Tiefenpsychologisch fundierte Psychotherapie

therapie_schmalDiese Form der Psychotherapie dient dazu, unbewusst übernommene Muster aus der frühen Kindheit in Bezug zu heutigen Verhaltensweisen zu identifizieren. Wiederkehrende Konflikte werden erkannt und können so überwunden werden. Die gewonnenen Erkenntnissen helfen demnach, den aktuellen Konflikt aufzulösen. Hierbei wird in gemeinsamer Arbeit zuerst ein Ziel der Therapie festgelegt. Mittels individueller Gespräche wird nach einer Lösung für das vorliegende Problem gesucht und zeitgleich neue Bewältigungsstrategien entwickelt. Dies wird durch die Erstellung eines Konzepts gestützt, dessen Umsetzung im Alltag helfen kann. So können Betroffene das eigene Erleben besser verstehen und kontrollieren.
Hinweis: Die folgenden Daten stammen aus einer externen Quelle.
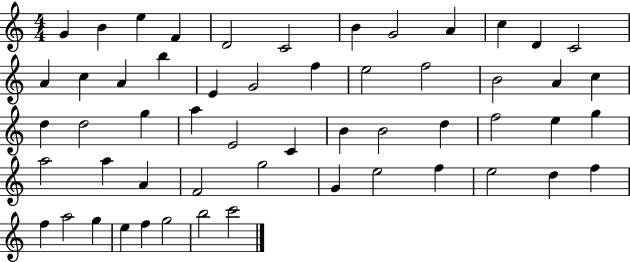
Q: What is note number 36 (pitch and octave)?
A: G5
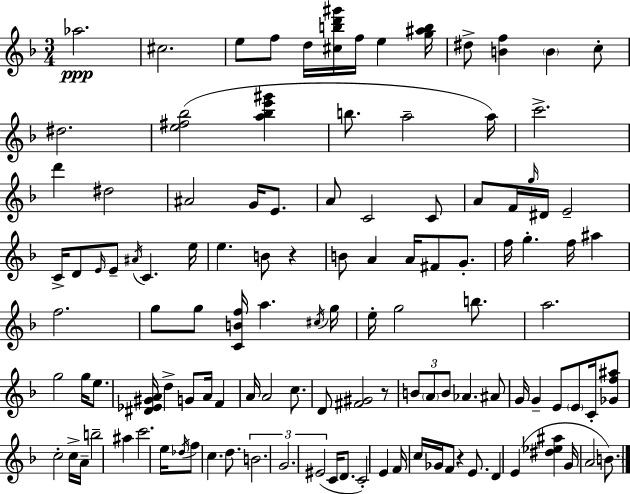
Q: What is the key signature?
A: F major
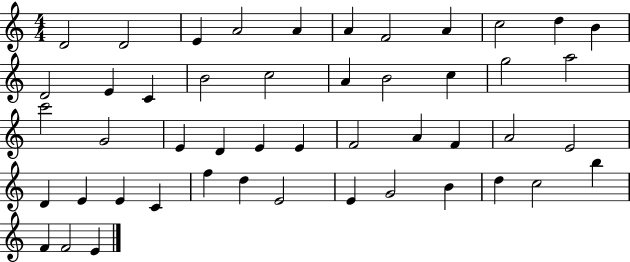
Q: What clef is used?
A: treble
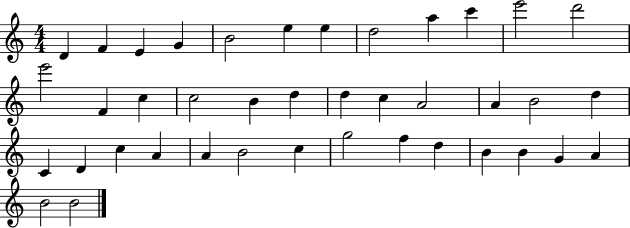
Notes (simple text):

D4/q F4/q E4/q G4/q B4/h E5/q E5/q D5/h A5/q C6/q E6/h D6/h E6/h F4/q C5/q C5/h B4/q D5/q D5/q C5/q A4/h A4/q B4/h D5/q C4/q D4/q C5/q A4/q A4/q B4/h C5/q G5/h F5/q D5/q B4/q B4/q G4/q A4/q B4/h B4/h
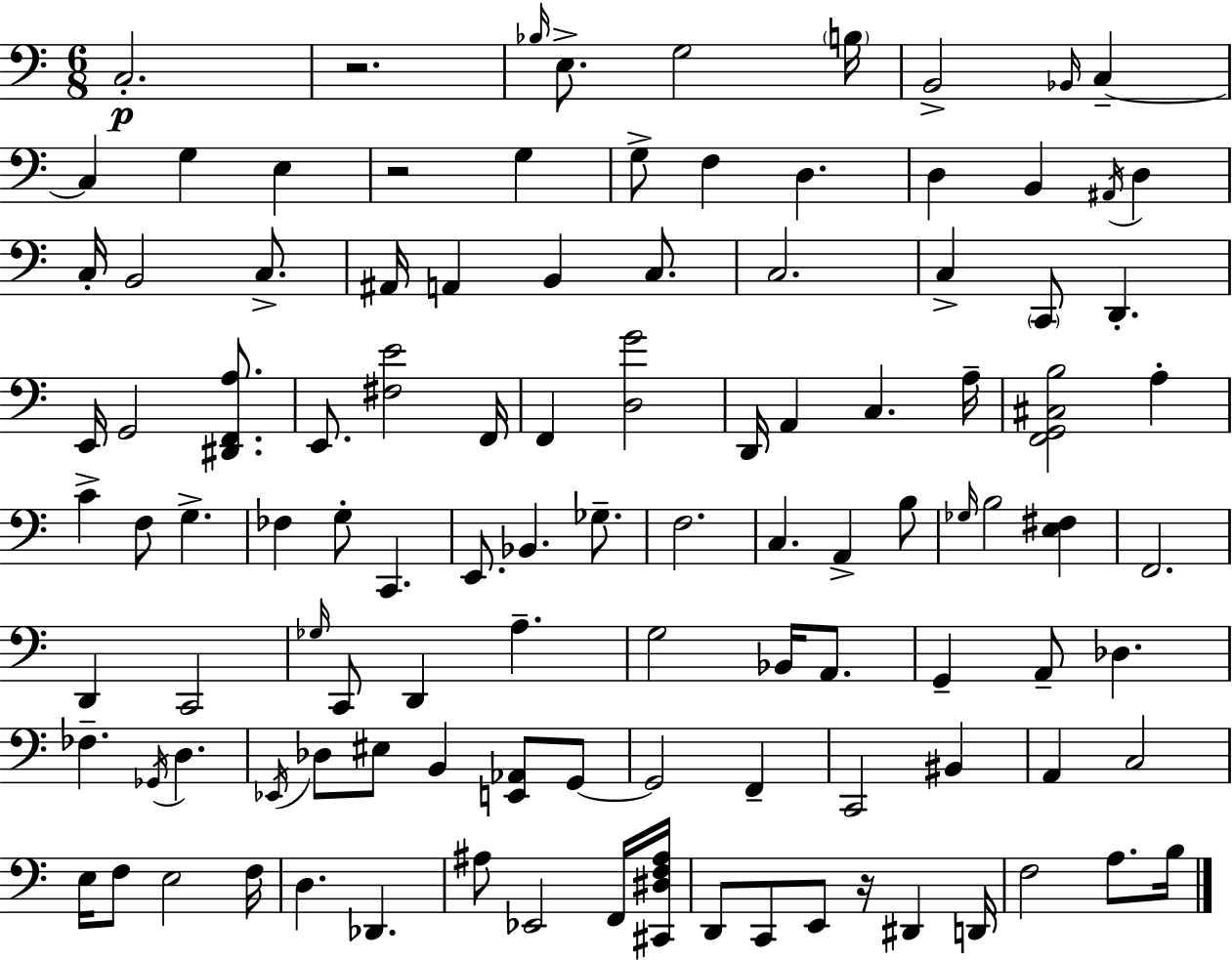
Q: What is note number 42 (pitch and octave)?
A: F3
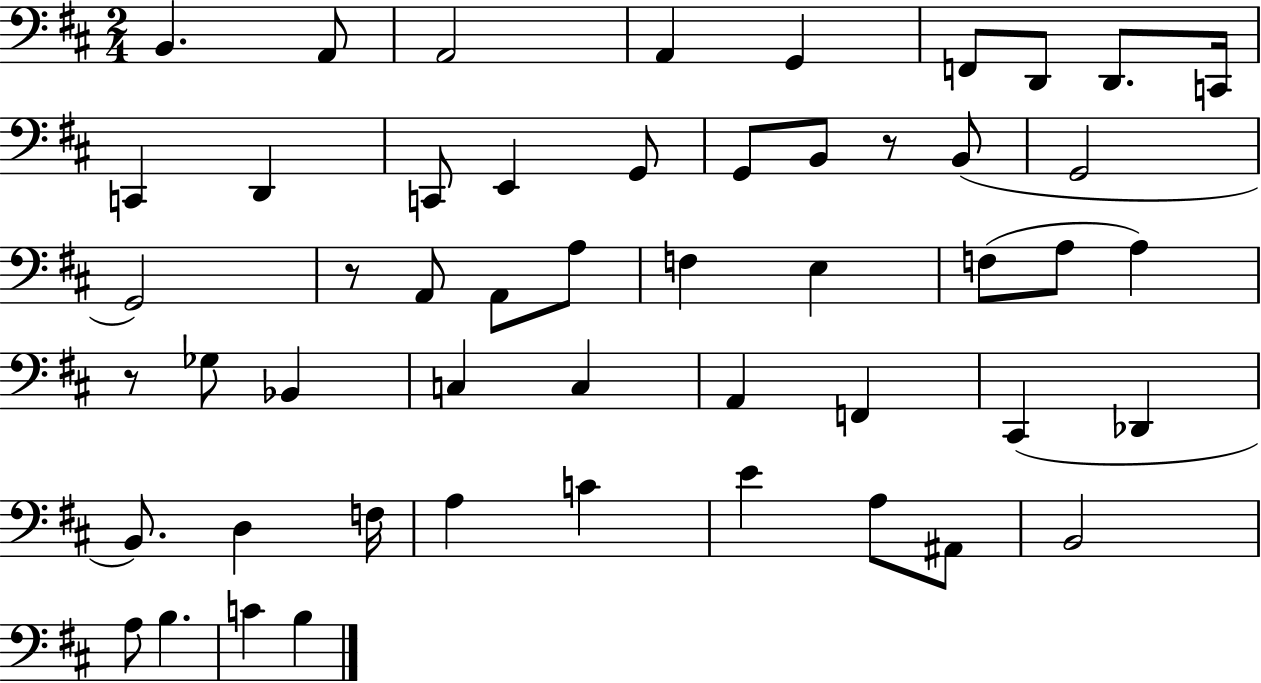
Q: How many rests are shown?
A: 3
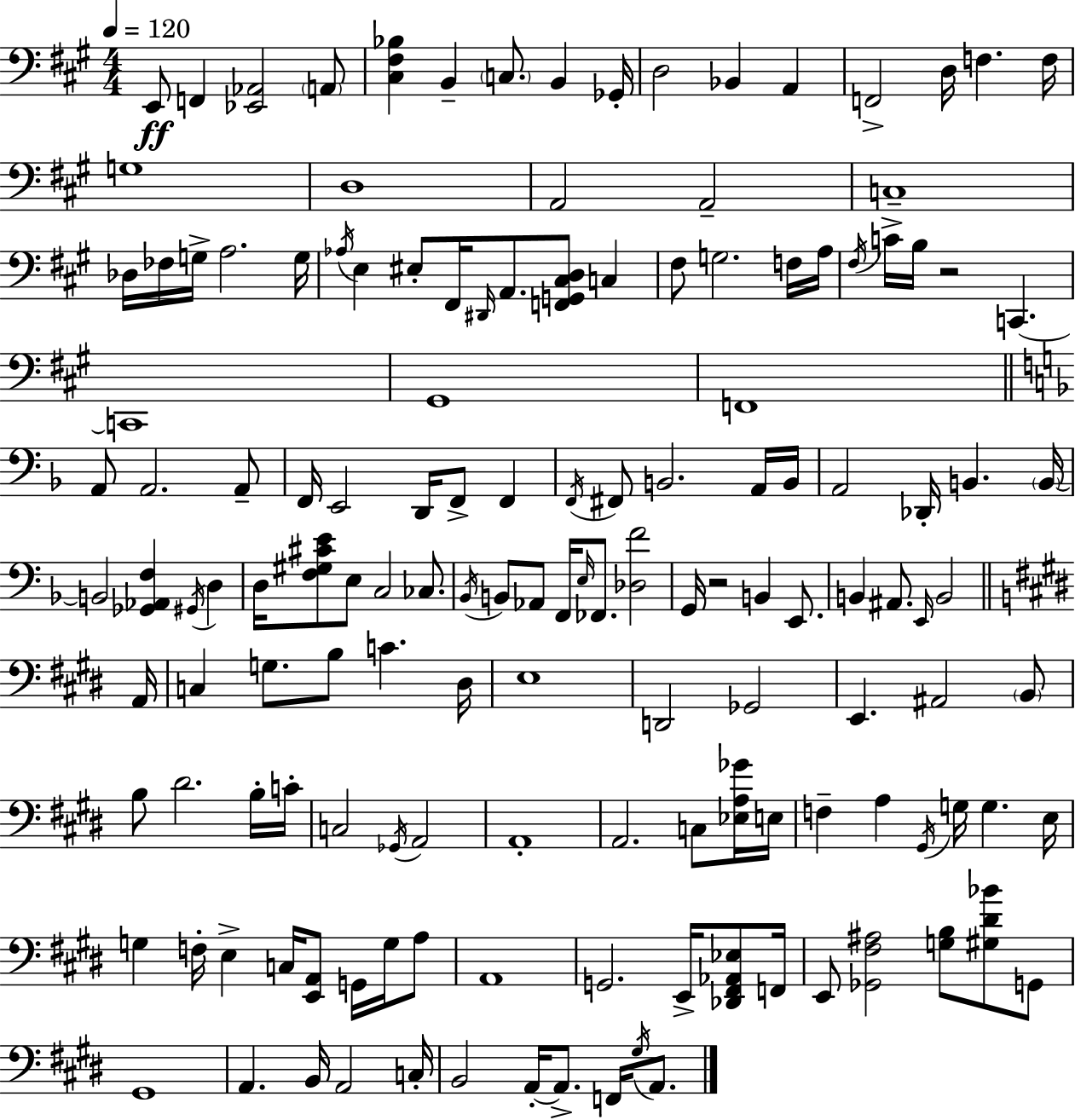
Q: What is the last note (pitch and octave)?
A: A2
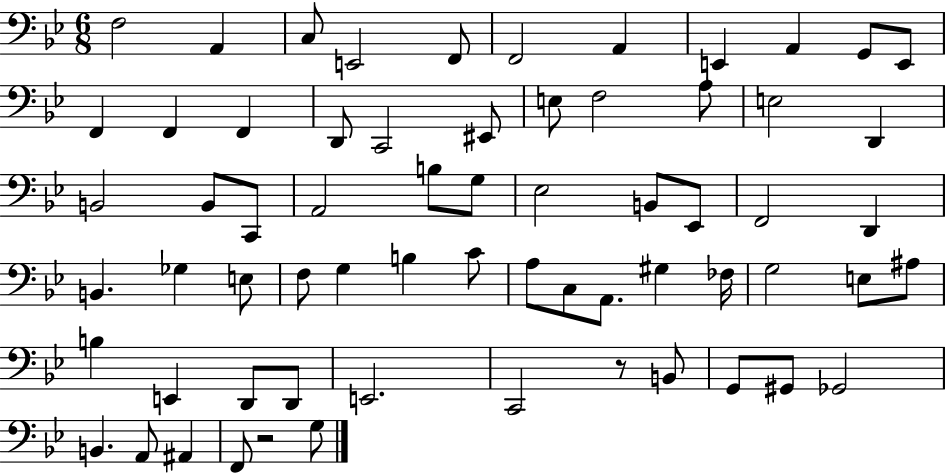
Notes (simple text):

F3/h A2/q C3/e E2/h F2/e F2/h A2/q E2/q A2/q G2/e E2/e F2/q F2/q F2/q D2/e C2/h EIS2/e E3/e F3/h A3/e E3/h D2/q B2/h B2/e C2/e A2/h B3/e G3/e Eb3/h B2/e Eb2/e F2/h D2/q B2/q. Gb3/q E3/e F3/e G3/q B3/q C4/e A3/e C3/e A2/e. G#3/q FES3/s G3/h E3/e A#3/e B3/q E2/q D2/e D2/e E2/h. C2/h R/e B2/e G2/e G#2/e Gb2/h B2/q. A2/e A#2/q F2/e R/h G3/e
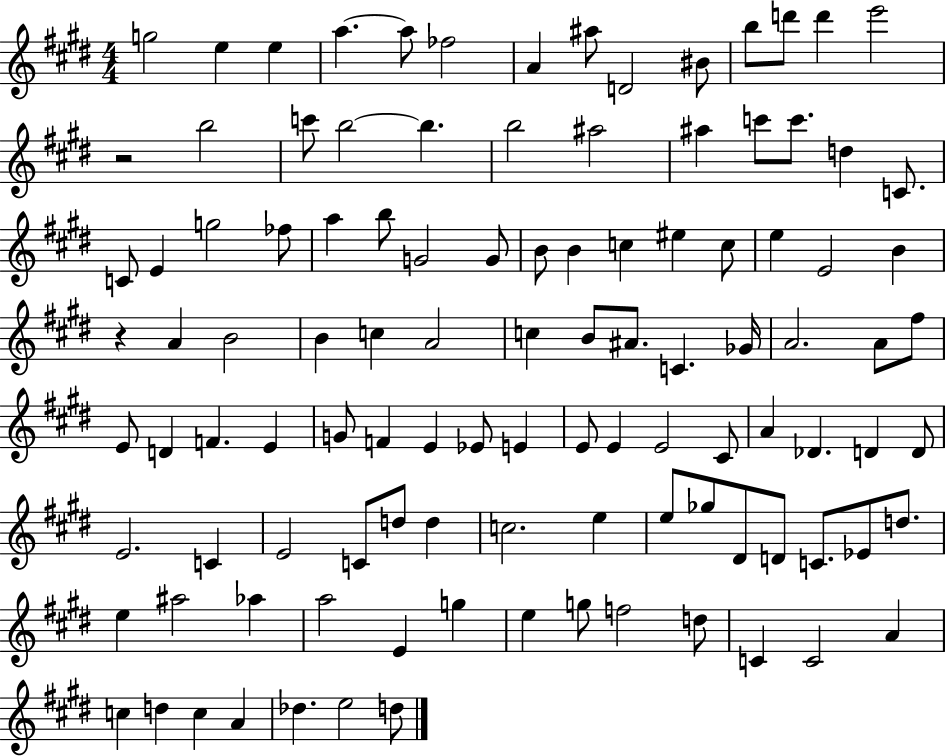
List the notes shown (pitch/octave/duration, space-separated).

G5/h E5/q E5/q A5/q. A5/e FES5/h A4/q A#5/e D4/h BIS4/e B5/e D6/e D6/q E6/h R/h B5/h C6/e B5/h B5/q. B5/h A#5/h A#5/q C6/e C6/e. D5/q C4/e. C4/e E4/q G5/h FES5/e A5/q B5/e G4/h G4/e B4/e B4/q C5/q EIS5/q C5/e E5/q E4/h B4/q R/q A4/q B4/h B4/q C5/q A4/h C5/q B4/e A#4/e. C4/q. Gb4/s A4/h. A4/e F#5/e E4/e D4/q F4/q. E4/q G4/e F4/q E4/q Eb4/e E4/q E4/e E4/q E4/h C#4/e A4/q Db4/q. D4/q D4/e E4/h. C4/q E4/h C4/e D5/e D5/q C5/h. E5/q E5/e Gb5/e D#4/e D4/e C4/e. Eb4/e D5/e. E5/q A#5/h Ab5/q A5/h E4/q G5/q E5/q G5/e F5/h D5/e C4/q C4/h A4/q C5/q D5/q C5/q A4/q Db5/q. E5/h D5/e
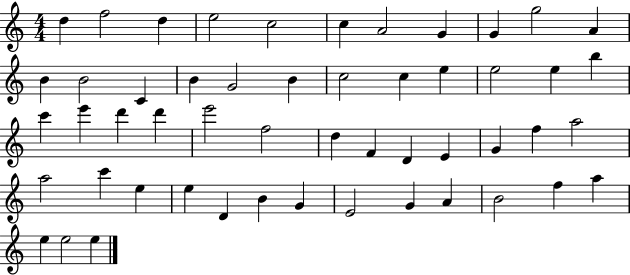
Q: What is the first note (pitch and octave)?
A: D5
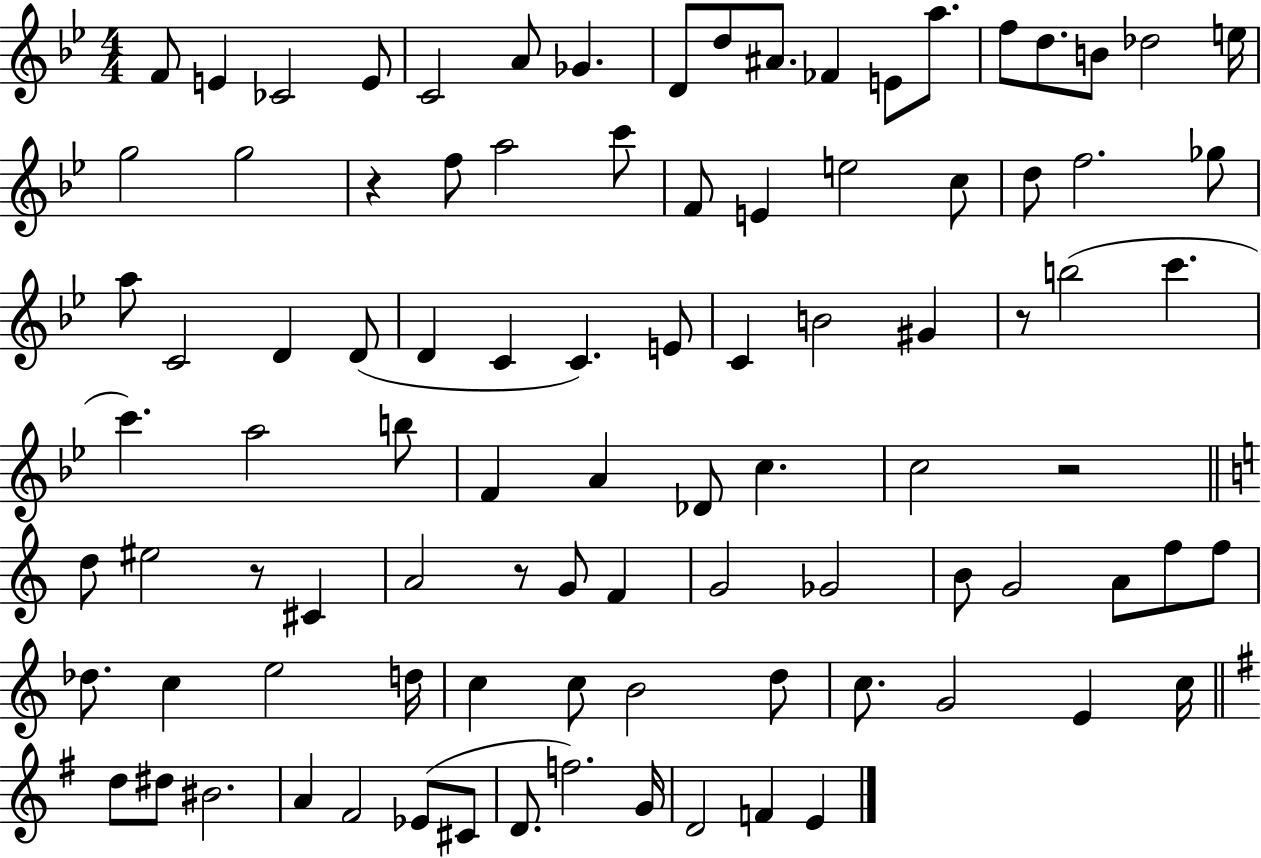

Je nach Bedarf und Umfang kommen verschieden Therapieformen und -dauern in Frage (Kurzzeit: 25 Std. / Langzeit: 50 Std. / Lösungszentriert: ca. 5-10 Std. als Privatleistung). Auch bei psychosomatischen Erkrankungen, für die keine organische Ursache gefunden werden kann, ist diese Art der Behandlung erfolgsversprechend.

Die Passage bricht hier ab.